Toxic effects of mercury on PSI and PSII activities, membrane potential and transthylakoid proton gradient in Microsorium pteropus

• Responses of PSI and PSII of M. pteropus to Hg were simultaneously analyzed.
• Y(I), ETR(I), PSII and ETR(II) decreased with increasing Hg concentration.
• Damage to PSII by Hg was due to failure of dissipation of the excessive excitation energy.
• Δψ and ΔpH of M. pteropus significantly decreased at high levels of Hg.
• Formation of zeaxanthin and H+ efflux from the lumen to the stroma were inhibited.

Mercury (Hg) is one of the top toxic metals in environment and it poses a great risk to organisms. This study aimed to elucidate the toxic effects of Hg2+ on energy conversion of photosystem I (PSI) and photosystem II (PSII), membrane potential and proton gradient of Microsorium pteropus (an aquatic plant species). Contents of chlorophyll a, chlorophyll b and carotenoids, quantum yield and electron transfer of PSI and PSII of M. pteropus exposed to various concentrations of Hg2+ were measured. With increasing Hg2+ concentration, quantum yield and electron transport of PSI [Y(I) and ETR(I)] and PSII [Y(II) and ETR(II)] decreased whereas limitation of donor side of PSI [Y(ND)] increased.

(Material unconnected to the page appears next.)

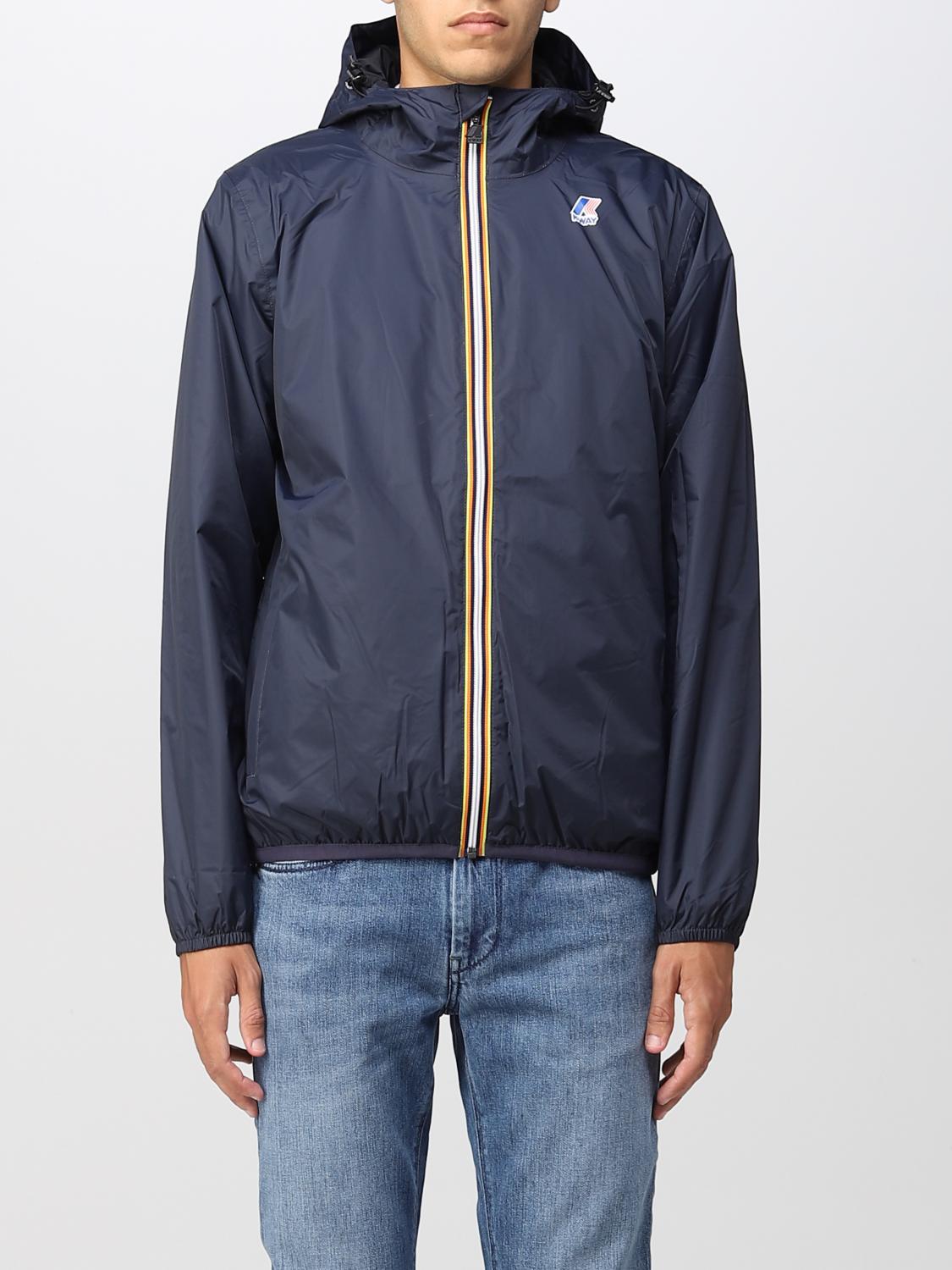 K-WAY JACKET: Jacket men K-way, Blue - Img 1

At ⩾165 μg L−1 Hg2+, quantum yield of non-light-induced non-photochemical fluorescence quenching in PSII [Y(NO)] significantly increased but quantum yield of light-induced non-photochemical fluorescence quenching [Y(NPQ)] decreased. Membrane potential (Δψ) and proton gradient (ΔpH) of M. pteropus were reduced significantly at 330 μg L−1 Hg2+ compared to control. Mercury exposure affected multiple sites in PSII and PSI of M. pteropus.